This first round will be for stating arguments and other generalised actions. No elaborations on arguments past summarising sentences or rebuttals.
"Should conscription be introduced into Australia"
The definitions of the terms is as follows:
Conscription - Compulsory enlistment for state service, typically into the military. [1]

I am not arguing that we should start conscripting now, however that a law should be passed legalising it, and therefore becoming effective whenever the government decides. i.e, If the government believes the nation is under threat or Australia comes under direct attack, not if we attack another nation.

The outline for my arguments:
1. Isolation. The fact that Australia is so isolated it would take too long for allied forces such as the US or the Commonwealth to arrive before a potential invasion.

2. AESAN Alliance. An alliance between the South-East Asian countries. For the purposes of this debate I will be referring to the AESAN Alliance as an alliance between Singapore, Vietnam, China, Thailand, Malaysia, and Indonesia.

3. Differences in manpower. The sheer differences in manpower between our alliances and the AESAN alliance.

I wish the best of luck to the Negative side of the argument, may the best arguments win.

Sources.
[1] http://www.google.com.au...
(Definition shown at top of page)

My spelling is Australian english.
(I apologise for lack of structure, this is my first debate)
socialpinko

Con

I would like to first thank my opponent for allowing me to debate the topic with him. The resolution when not put in the form of a question (major pet peeve of mine) can be stated as follows: Conscription should be introduced in Australia. My opponent as Pro will defend the resolution while I as Con will argue against it.


===Definitions===


I accept my opponent's definition of conscription, however I feel as though the term should in the resolution needs to be defined and so I will take the opportunity to do so here.

Should will mean "Used to express obligation or duty".[1]


===Arguments===


Contention I. Self ownership. Being forced to participate in the military is akin to slavery in that one is forced to perform labor or services which one would not do if one were given a choice. This violates the principle that people are the sole owners of their own bodies.


Contention II. Political and religious freedom. Conscription violates the political freedom of those who hold anti-war political sentiments i.e. pacifists or anarchists. In the same vein, conscription violates the religious principles of those who take their religion to also imply pacifism i.e. Jainists, Christian pacifists[2], Quakers, etc.


Contention III. Moral nihilism. Since there are no objective moral truths or facts, the term should in conjunction with expressing legitimate duty is rendered incoherent. Therefore it is a falsehood that anyone should do or not do anything.


As per my opponent's rules, I will not introduce either substantive arguments (these are mere summaries) or rebut the arguments my opponent has brought so far. I wish my opponent the best of luck in this debate and turn the debate back over to him.


===Sources===


[1] http://www.thefreedictionary.com...
[2] http://en.wikipedia.org...
Debate Round No. 1
og1764

Pro

I agree with Con's new definition of conscription, understanding mutually that it is in terms of the military.

Isolation is a major reason why conscription in Australia should be introduced, or at least seriously considered.

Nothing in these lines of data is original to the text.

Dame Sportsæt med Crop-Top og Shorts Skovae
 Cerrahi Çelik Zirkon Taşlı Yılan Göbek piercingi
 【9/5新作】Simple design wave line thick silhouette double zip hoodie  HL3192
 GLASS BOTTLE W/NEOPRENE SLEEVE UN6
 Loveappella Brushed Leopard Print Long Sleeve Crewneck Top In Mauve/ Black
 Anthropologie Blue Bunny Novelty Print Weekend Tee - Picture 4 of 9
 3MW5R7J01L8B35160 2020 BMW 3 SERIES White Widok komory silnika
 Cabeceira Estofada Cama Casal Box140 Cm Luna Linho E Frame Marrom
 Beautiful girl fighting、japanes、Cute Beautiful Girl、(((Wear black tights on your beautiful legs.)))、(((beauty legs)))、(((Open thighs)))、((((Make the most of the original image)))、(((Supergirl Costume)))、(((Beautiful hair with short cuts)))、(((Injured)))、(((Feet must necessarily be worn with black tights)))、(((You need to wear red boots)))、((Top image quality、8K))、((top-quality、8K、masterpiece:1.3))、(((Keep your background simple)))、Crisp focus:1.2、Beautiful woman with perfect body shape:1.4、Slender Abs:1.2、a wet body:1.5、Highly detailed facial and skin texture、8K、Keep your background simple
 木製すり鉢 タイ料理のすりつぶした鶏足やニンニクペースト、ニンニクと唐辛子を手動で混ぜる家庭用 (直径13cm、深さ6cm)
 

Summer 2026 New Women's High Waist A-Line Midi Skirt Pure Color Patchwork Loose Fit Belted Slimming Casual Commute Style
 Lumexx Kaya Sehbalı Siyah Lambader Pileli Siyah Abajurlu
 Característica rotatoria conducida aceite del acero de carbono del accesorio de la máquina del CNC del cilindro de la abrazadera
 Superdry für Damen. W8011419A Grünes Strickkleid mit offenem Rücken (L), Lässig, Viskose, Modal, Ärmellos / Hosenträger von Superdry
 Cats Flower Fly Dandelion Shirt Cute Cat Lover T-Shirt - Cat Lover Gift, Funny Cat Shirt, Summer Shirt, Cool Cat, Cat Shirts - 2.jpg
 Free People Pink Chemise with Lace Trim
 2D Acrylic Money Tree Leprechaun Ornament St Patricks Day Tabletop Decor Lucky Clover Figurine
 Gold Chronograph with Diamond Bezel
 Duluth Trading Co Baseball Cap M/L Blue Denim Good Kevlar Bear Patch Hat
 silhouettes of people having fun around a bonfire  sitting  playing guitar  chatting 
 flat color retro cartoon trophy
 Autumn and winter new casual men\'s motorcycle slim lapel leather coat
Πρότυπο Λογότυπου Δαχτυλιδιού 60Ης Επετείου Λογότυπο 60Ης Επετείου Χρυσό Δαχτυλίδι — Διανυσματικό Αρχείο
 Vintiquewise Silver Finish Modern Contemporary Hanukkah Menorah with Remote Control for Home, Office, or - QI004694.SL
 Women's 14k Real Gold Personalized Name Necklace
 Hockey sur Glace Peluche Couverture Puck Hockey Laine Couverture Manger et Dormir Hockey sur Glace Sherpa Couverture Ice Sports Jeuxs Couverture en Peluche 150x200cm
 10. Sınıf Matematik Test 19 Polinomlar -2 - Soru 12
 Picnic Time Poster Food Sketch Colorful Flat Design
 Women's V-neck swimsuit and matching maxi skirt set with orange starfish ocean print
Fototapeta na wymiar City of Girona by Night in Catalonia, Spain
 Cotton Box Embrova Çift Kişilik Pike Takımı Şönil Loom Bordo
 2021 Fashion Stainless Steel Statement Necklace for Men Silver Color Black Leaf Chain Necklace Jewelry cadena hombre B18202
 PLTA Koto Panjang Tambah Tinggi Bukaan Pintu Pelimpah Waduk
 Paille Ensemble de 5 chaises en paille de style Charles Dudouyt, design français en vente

The closest nation to Australia that isn't part of the Commonwealth is Indonesia. Australia has varying relations with Indonesia, depending on wool and livestock trading. It is inevitable that Indonesia may consider an attack on Australian territory. The population of Indonesia is crammed into a small space, and Australia would be the ideal place to gain new territory to solve some of the overpopulation problems.
If an attack was to occur, the Australian armed forces would probably be able to withstand an initial attack, but later attacks may prove too strong. The time that it would take for a substantial amount of US forces to fly here would take a week. That may prove to be too long if the entire AESAN Alliance (or even just a few of them) made a full scale attack on the Australian mainland. Even if only China launched a full scale attack on Australia, an invasion could occur within three days. Without conscription, how could we ever even attempt to fight a Chinese invasion force?
Australian population: 21 million.
Chinese Military: 300 million.
Perhaps with conscription an initial force could be taken care of, until some backup arrives.
Although an invasion of such scale would mean inevitable defeat, conscription would provide better odds.
socialpinko

Con

===Refutation of Pro's Case===


Isolation. This point does not prove all that my opponent must prove in order to uphold the resolution. This is because he has failed to support the presupposition that a full scale invasion of Australia would be over in three days. No link to a credible source projecting the outcome of an invasion was provided by my opponent, we're simply supposed to take his word for it. This is unacceptable though. If credible evidence is not provided for my opponent's conception of how quickly an invasion would take place (or how long it would take for a substantial response by Australia's allies would take), then his entire point of Australia's isolation from the rest of the world is moot.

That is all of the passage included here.